Assim, a percepção generalizada é de que a situação da economia e da moeda norte-americana está a se deteriorar rapidamente. Hoje, os EUA já são devedores líquidos do estrangeiro, com um passivo líquido com o exterior de US$ 3,3 trilhões ou 28% do PIB. É a primeira vez, numa perspectiva histórica, que um país emissor de uma moeda de reserva chega a tal difícil e insustentável situação.

Como conseqüência, os próprios bancos centrais estão a diminuir o seu risco dólar, aumentando suas posições em euros, conforme relatado em Londres, na semana passada, pelo periódico Central Banking Publications. A crise do dólar, portanto, está a ameaçar os portadores e titulares de posições na moeda americana, estimadas hoje em US$ 11 trilhões.

Para os países em desenvolvimento apresentam-se riscos e oportunidades. Para aqueles devedores em moeda norte-americana, há a perspectiva de sua redução proporcional ao colapso daquela moeda.

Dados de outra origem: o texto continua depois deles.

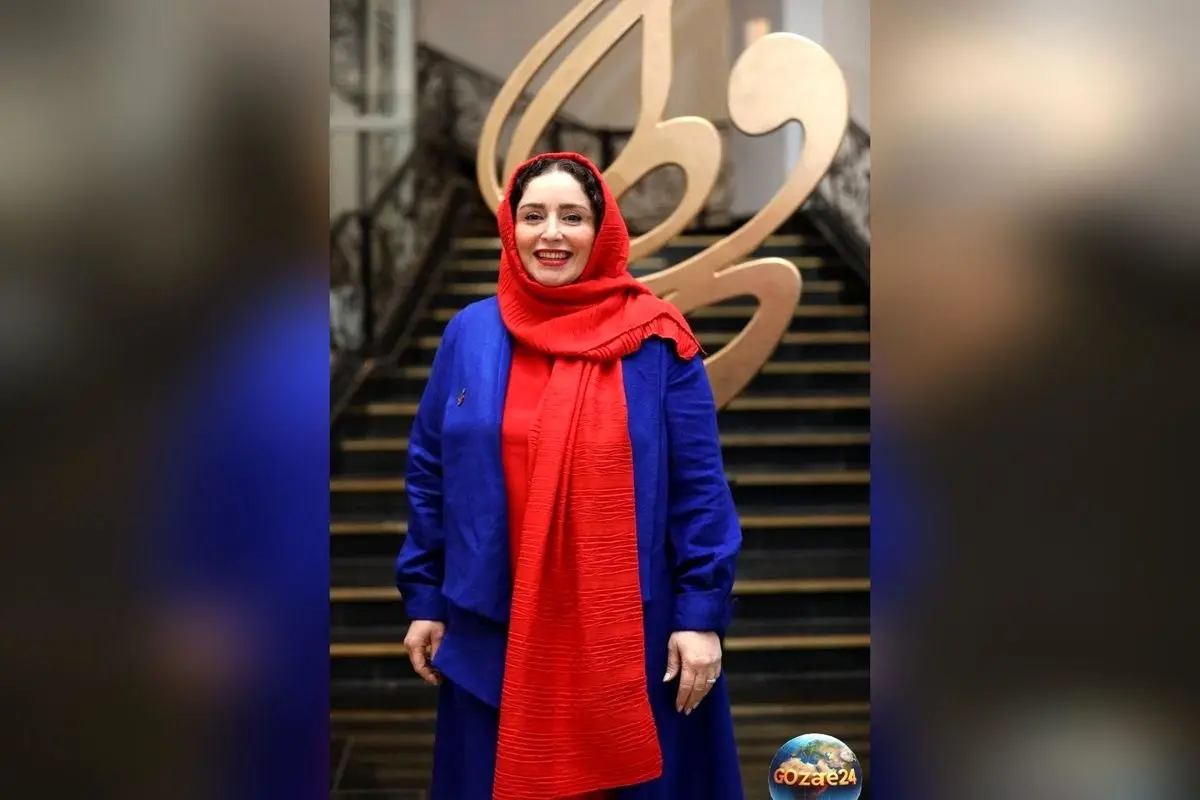 لحظه تاریخی برندهشدن ژاله صامتی به عنوان بهترین بازیگر کمدی در «زیرخاکی» با تشویق گوهر خیراندیش و پژمان جمشیدی + فیلم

Aqueles com reservas expressivas denominadas em dólar devem tomar providências no sentido de mudar o perfil das posições, minimizando o risco.

Por último, apresenta-se a extraordinária oportunidade, devido ao interesse em diversificação do risco pelos credores, para um aumento de emissões denominadas nas próprias moedas daqueles países em desenvolvimento que, como o Brasil, tiverem acesso aos mercados financeiros voluntários internacionais, credibilidade institucional e suas economias em ordem.